(How to complete this task) Transcribe word for word the section of the records below that opens with the line containing "If you enjoyed the" and closes with the line containing "I cannot wait"; drop every picture.

(Information given)
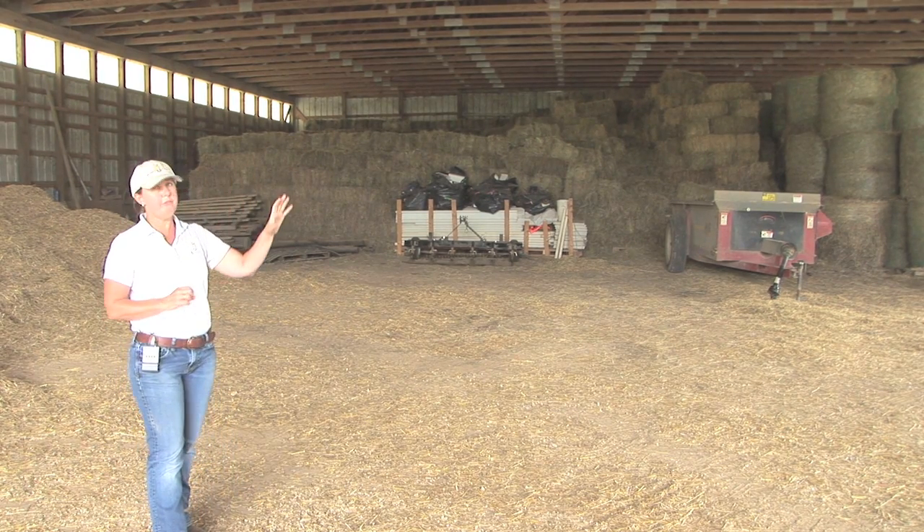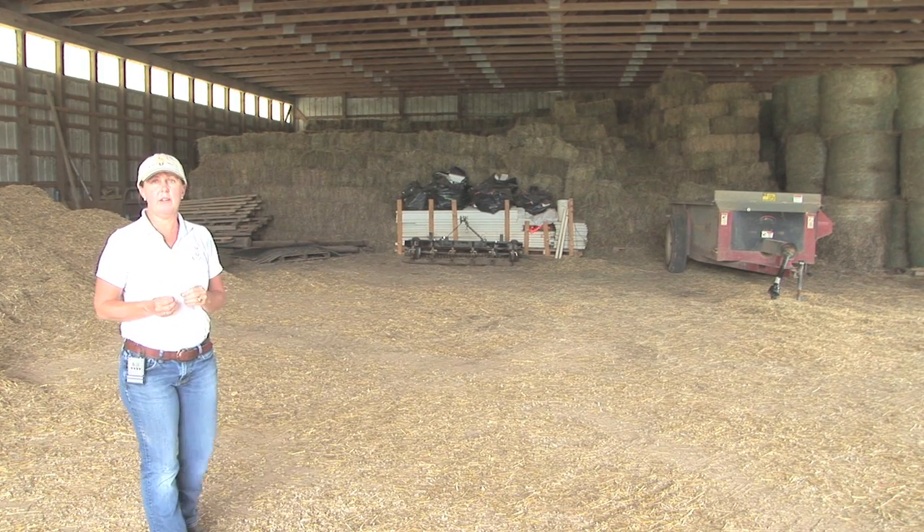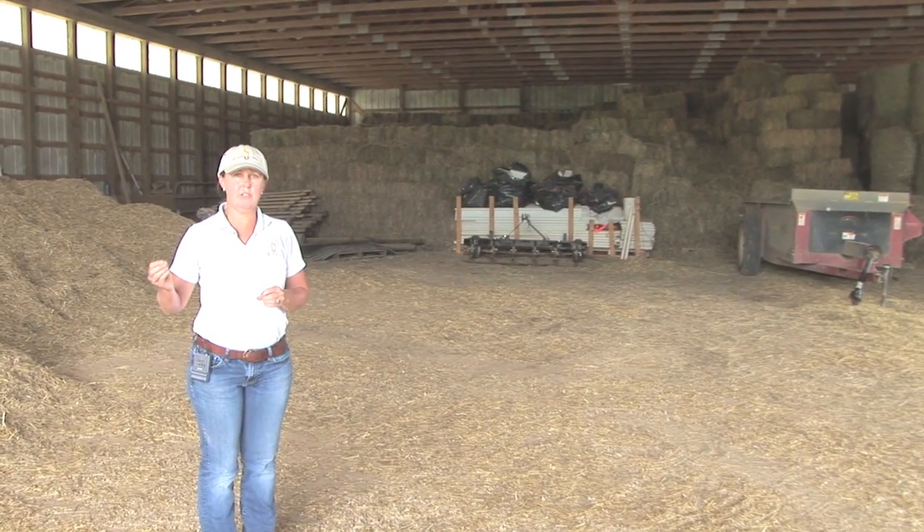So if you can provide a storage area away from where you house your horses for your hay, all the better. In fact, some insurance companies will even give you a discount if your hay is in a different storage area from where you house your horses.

==

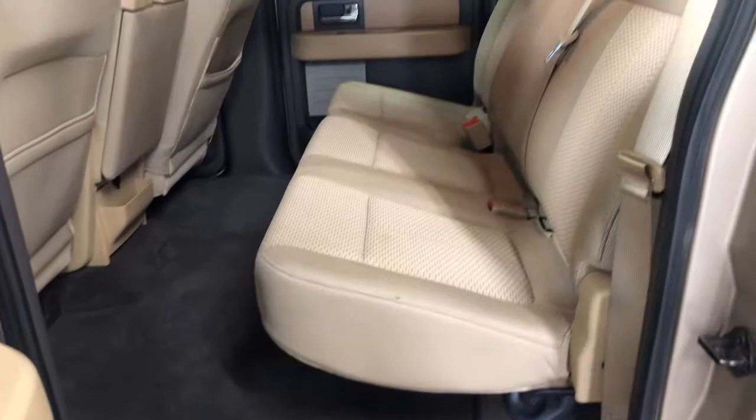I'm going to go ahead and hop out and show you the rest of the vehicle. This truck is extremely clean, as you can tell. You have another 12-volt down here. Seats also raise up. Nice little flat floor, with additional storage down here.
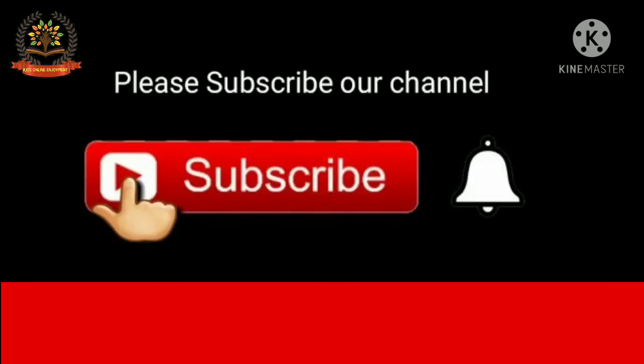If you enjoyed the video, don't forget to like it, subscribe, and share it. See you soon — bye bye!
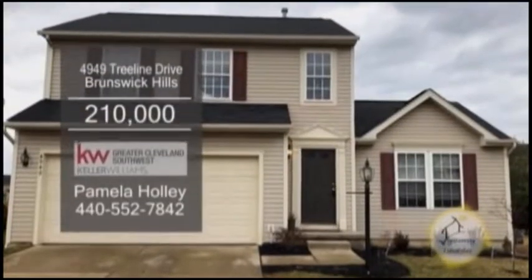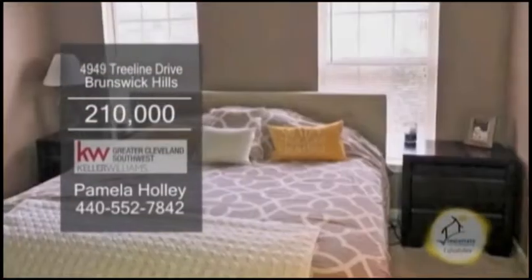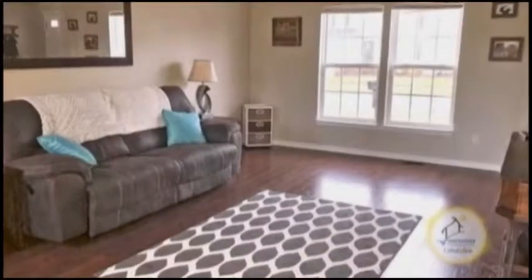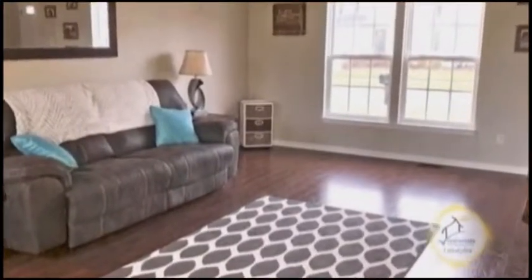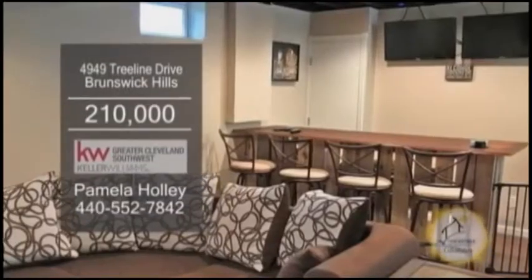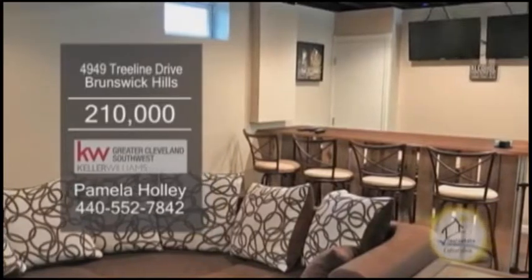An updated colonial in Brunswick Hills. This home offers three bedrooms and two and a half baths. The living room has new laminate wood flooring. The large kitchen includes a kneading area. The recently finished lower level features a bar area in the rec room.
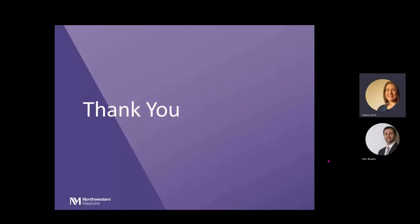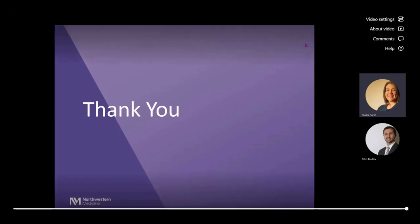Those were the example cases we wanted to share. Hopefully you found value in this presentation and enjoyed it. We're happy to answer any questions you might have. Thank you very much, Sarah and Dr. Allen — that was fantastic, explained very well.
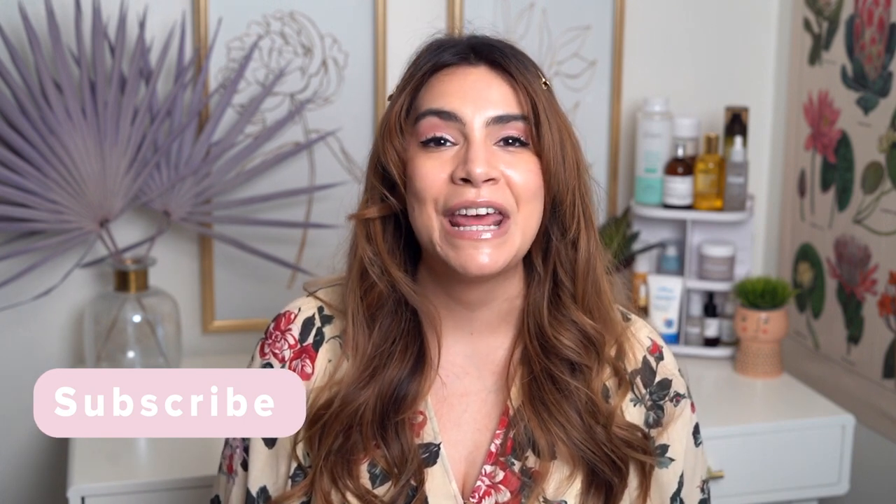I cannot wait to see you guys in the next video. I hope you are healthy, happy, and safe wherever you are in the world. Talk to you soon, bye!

--

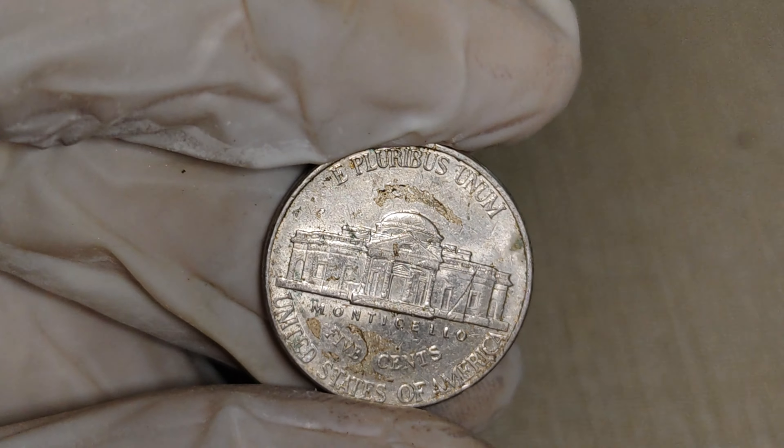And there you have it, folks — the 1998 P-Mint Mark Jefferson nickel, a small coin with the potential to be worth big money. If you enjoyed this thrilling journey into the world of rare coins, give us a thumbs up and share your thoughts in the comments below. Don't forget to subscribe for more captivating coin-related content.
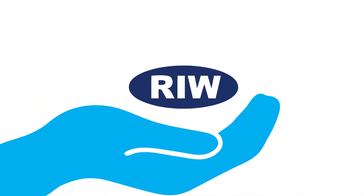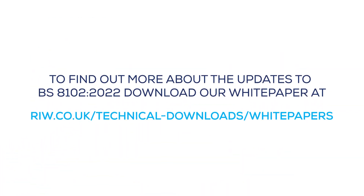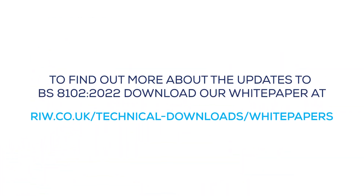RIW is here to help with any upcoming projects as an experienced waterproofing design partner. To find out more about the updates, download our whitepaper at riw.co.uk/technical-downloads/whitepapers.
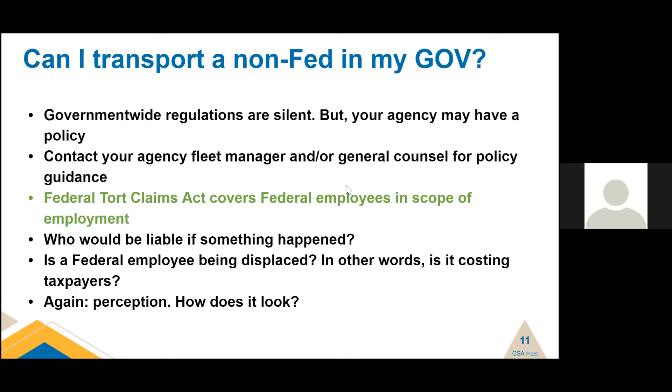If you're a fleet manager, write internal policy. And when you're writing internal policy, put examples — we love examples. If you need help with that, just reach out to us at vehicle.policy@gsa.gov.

(Reply to the task)
If you enjoyed the video, don't forget to like it, subscribe, and share it. See you soon — bye bye!
An updated colonial in Brunswick Hills. This home offers three bedrooms and two and a half baths. The living room has new laminate wood flooring. The large kitchen includes a kneading area. The recently finished lower level features a bar area in the rec room.
Those were the example cases we wanted to share. Hopefully you found value in this presentation and enjoyed it. We're happy to answer any questions you might have. Thank you very much, Sarah and Dr. Allen — that was fantastic, explained very well.
I cannot wait to see you guys in the next video. I hope you are healthy, happy, and safe wherever you are in the world. Talk to you soon, bye!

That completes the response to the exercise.